Top of Available data

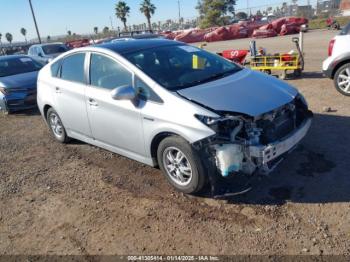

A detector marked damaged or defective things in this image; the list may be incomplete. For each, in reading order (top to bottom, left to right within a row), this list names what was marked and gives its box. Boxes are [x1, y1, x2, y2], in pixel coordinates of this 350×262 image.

crumpled hood [0, 70, 38, 90]
damaged silver sedan [37, 39, 312, 194]
crumpled hood [178, 68, 298, 116]
crushed front end [194, 95, 312, 181]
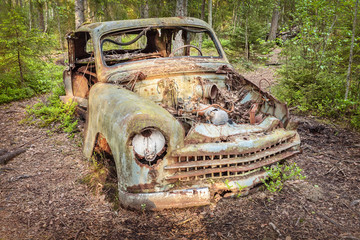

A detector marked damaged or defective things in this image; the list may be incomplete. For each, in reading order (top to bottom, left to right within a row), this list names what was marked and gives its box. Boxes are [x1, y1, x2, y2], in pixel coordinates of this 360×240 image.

broken windshield [100, 26, 221, 66]
rusted abandoned car [62, 17, 300, 210]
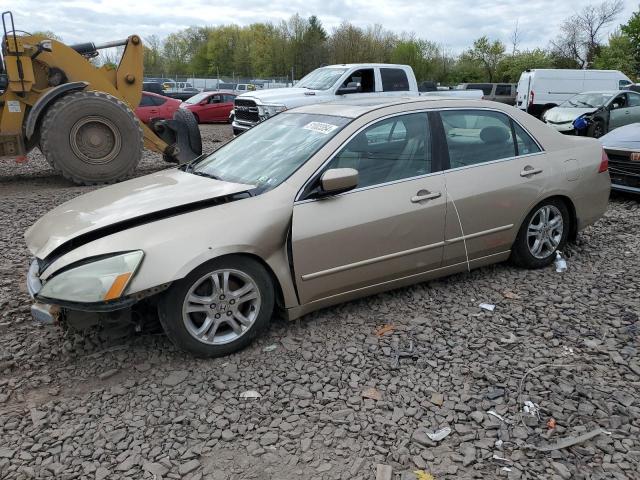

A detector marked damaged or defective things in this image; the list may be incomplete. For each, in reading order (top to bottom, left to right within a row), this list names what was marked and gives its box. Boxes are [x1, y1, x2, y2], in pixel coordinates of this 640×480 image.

damaged honda accord [25, 97, 608, 356]
wrecked vehicle [26, 97, 608, 356]
wrecked vehicle [544, 90, 640, 137]
wrecked vehicle [600, 123, 640, 194]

Bottom of Available data

§ Problem statement
Hand back the data above exactly, with no images.

§ Reply
A detector marked damaged or defective things in this image; the list may be incomplete. For each, in reading order (top to bottom, left to right within a row), this list names what was marked and gives its box. Boxes are [x1, y1, x2, y2], in pixel coordinates of this 350×262 image.

crumpled hood [0, 70, 38, 90]
damaged silver sedan [37, 39, 312, 194]
crumpled hood [178, 68, 298, 116]
crushed front end [194, 95, 312, 181]

A detector marked damaged or defective things in this image; the list may be incomplete. For each, in reading order (top to bottom, left to right within a row), this list names what was marked and gives its box. Boxes are [x1, y1, x2, y2], in pixel coordinates of this 360×240 image.

broken windshield [100, 26, 221, 66]
rusted abandoned car [62, 17, 300, 210]

A detector marked damaged or defective things in this image; the list may be incomplete. For each, in reading order (top to bottom, left to right within a row), this list names what was marked and gives its box. Boxes are [x1, y1, x2, y2], in pixel coordinates of this 640×480 image.

damaged honda accord [25, 97, 608, 356]
wrecked vehicle [26, 97, 608, 356]
wrecked vehicle [544, 90, 640, 137]
wrecked vehicle [600, 123, 640, 194]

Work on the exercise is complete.